The bill approved by the House Judiciary and Intelligence committees was along straight party lines, just as they split to defeat the administration's proposal.
The legislation, sponsored by Reps. John Conyers Jr. of Michigan and Silvestre Reyes of Texas, the chairmen of the Judiciary and Intelligence committees, respectively, conspicuously did not contain two provisions demanded by the White House. One would have provided retroactive legal immunity to telecommunications companies that had helped the NSA to conduct eavesdropping without warrants. A second would have made the surveillance program permanent. Instead, the legislation expires in two years.
As the administration has sought, the legislation provides authority for the government to obtain "basket" or "umbrella" warrants for bundles of overseas communications. But White House and Justice Department officials nonetheless criticized the legislation because of the greater authority it gives to a special foreign intelligence surveillance court.
Shortly before the first votes were cast in Congress yesterday morning, President Bush appeared on the South Lawn of the White House to attack the House legislation, saying that it "would take us backward." He asked instead for an extension of a law adopted last August, the Protect America Act, which expires in February.
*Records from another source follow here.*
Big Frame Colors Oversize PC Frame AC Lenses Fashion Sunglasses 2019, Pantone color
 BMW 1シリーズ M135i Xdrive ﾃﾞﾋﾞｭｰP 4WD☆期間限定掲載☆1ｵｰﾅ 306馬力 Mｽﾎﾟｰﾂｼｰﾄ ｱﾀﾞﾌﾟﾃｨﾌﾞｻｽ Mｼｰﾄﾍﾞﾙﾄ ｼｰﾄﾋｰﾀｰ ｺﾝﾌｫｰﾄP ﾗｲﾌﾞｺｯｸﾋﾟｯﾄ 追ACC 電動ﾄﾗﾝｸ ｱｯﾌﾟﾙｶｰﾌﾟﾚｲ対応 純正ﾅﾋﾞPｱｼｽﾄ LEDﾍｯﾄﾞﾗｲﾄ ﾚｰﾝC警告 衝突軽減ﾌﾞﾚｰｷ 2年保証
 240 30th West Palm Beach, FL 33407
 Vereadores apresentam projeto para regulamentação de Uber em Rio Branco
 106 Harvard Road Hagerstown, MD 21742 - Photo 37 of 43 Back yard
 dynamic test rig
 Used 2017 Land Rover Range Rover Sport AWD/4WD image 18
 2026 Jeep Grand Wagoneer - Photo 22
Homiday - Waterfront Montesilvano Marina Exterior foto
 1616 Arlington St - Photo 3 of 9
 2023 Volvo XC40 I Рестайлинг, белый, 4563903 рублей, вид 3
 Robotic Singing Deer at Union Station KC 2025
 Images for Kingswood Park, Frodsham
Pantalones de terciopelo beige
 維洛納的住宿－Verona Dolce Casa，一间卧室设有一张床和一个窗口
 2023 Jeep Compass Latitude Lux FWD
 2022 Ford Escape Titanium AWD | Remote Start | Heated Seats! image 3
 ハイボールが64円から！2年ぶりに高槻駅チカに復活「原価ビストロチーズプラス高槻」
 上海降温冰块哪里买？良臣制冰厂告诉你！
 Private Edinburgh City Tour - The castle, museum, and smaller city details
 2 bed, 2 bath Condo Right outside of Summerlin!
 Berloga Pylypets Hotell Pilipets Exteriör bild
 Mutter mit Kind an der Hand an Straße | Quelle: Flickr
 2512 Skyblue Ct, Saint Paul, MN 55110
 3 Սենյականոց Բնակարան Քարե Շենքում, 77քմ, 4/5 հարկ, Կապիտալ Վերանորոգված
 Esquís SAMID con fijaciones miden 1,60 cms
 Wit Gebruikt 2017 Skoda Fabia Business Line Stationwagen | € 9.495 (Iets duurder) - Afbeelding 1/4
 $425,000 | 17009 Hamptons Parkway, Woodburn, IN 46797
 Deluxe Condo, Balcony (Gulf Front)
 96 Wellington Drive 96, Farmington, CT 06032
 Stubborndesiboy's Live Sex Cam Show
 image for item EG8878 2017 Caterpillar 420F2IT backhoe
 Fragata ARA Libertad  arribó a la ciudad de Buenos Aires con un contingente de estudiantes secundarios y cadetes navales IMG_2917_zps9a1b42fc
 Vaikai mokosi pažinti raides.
That measure significantly reduced the role of the foreign intelligence court and broadened the security agency's ability to listen to foreign-based communications without court warrants.
"Terrorists in faraway lands are plotting and planning new ways to kill Americans," Bush said. "The security of our country and the safety of our citizens depend on learning about their plans."
The legislation heads to the floor of the House, where it is expected to be approved. The Senate has not considered a companion bill, although administration officials, as well as some civil liberties and intelligence experts, say the White House might have more allies in that chamber.